Directions for this task:
Find every line in the records below that holds the word "with", and copy each one.

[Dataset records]
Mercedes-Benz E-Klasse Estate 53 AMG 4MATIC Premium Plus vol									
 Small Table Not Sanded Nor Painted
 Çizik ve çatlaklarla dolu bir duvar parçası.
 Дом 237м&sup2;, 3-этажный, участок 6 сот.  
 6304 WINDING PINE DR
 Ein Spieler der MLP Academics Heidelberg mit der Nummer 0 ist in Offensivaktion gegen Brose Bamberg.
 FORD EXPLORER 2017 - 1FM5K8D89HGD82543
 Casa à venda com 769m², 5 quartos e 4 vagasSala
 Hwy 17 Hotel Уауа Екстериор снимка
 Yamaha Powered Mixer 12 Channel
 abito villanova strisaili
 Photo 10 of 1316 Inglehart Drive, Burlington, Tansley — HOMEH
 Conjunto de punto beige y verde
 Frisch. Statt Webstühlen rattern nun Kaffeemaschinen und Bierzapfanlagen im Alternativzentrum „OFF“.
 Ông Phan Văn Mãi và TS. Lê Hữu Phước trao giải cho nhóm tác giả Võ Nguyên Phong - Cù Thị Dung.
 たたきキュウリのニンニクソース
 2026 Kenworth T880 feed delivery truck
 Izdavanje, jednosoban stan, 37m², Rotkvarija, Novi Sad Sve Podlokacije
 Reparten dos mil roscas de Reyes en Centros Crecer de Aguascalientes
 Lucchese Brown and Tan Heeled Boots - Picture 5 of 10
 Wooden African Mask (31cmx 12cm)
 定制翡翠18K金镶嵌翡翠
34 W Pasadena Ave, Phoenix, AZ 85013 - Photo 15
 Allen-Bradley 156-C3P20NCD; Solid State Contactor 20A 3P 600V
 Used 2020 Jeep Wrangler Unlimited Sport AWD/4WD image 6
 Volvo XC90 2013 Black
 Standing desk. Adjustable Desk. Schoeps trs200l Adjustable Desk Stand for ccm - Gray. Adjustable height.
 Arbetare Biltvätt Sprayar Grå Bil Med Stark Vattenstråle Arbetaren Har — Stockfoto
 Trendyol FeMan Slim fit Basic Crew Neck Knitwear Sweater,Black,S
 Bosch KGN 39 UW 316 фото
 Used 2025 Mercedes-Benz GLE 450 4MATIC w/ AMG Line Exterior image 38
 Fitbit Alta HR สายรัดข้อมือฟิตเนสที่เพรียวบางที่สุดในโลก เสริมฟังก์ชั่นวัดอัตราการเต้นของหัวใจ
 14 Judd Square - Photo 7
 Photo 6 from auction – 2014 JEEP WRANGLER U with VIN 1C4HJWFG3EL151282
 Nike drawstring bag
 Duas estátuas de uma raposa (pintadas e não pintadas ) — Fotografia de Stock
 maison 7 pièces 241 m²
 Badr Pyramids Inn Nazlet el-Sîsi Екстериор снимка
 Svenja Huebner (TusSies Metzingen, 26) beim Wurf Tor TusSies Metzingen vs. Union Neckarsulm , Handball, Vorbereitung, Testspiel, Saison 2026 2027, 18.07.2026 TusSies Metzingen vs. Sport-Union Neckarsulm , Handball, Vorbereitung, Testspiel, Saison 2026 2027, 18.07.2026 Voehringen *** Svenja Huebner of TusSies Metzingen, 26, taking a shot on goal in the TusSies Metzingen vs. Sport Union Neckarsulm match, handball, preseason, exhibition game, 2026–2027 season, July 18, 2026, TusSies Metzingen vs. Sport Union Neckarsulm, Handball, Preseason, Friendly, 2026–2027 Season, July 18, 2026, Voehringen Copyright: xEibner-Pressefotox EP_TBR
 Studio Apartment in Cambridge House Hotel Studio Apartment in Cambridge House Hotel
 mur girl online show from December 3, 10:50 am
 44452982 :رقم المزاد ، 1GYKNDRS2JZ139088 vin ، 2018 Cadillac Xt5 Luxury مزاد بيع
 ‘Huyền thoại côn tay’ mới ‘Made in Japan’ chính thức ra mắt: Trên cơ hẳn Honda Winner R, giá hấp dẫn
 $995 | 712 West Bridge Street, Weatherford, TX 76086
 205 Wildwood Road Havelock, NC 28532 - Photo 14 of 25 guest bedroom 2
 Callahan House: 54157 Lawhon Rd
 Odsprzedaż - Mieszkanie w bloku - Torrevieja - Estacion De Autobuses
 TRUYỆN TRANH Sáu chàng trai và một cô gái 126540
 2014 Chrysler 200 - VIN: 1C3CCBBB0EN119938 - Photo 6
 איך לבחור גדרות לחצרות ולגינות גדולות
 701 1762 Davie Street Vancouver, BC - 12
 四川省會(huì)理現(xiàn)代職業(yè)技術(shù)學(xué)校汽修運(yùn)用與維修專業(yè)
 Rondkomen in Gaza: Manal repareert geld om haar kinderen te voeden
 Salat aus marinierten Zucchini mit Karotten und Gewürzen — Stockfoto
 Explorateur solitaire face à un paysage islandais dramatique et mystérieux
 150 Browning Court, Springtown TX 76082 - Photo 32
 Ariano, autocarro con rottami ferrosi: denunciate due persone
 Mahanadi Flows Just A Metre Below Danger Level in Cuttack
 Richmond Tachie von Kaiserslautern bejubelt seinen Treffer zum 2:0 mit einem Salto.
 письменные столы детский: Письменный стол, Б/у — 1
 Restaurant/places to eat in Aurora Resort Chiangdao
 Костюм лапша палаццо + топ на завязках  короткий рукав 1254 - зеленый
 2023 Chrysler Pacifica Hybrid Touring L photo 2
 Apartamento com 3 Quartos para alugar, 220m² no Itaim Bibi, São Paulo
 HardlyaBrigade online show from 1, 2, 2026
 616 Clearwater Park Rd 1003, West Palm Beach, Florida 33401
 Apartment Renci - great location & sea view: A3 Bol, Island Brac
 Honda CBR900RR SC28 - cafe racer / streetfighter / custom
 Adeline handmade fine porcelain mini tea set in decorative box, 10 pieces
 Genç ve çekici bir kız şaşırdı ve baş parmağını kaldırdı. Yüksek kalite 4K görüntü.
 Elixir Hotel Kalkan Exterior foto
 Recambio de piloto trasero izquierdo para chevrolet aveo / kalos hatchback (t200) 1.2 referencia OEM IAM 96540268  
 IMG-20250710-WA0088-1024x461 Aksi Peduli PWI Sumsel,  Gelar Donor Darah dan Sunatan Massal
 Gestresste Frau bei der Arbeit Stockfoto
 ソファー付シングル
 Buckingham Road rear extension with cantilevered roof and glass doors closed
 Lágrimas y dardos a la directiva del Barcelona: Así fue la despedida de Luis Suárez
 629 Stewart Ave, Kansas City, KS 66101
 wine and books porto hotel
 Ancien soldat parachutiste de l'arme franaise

Output for this exercise:
 Photo 6 from auction – 2014 JEEP WRANGLER U with VIN 1C4HJWFG3EL151282
 Buckingham Road rear extension with cantilevered roof and glass doors closed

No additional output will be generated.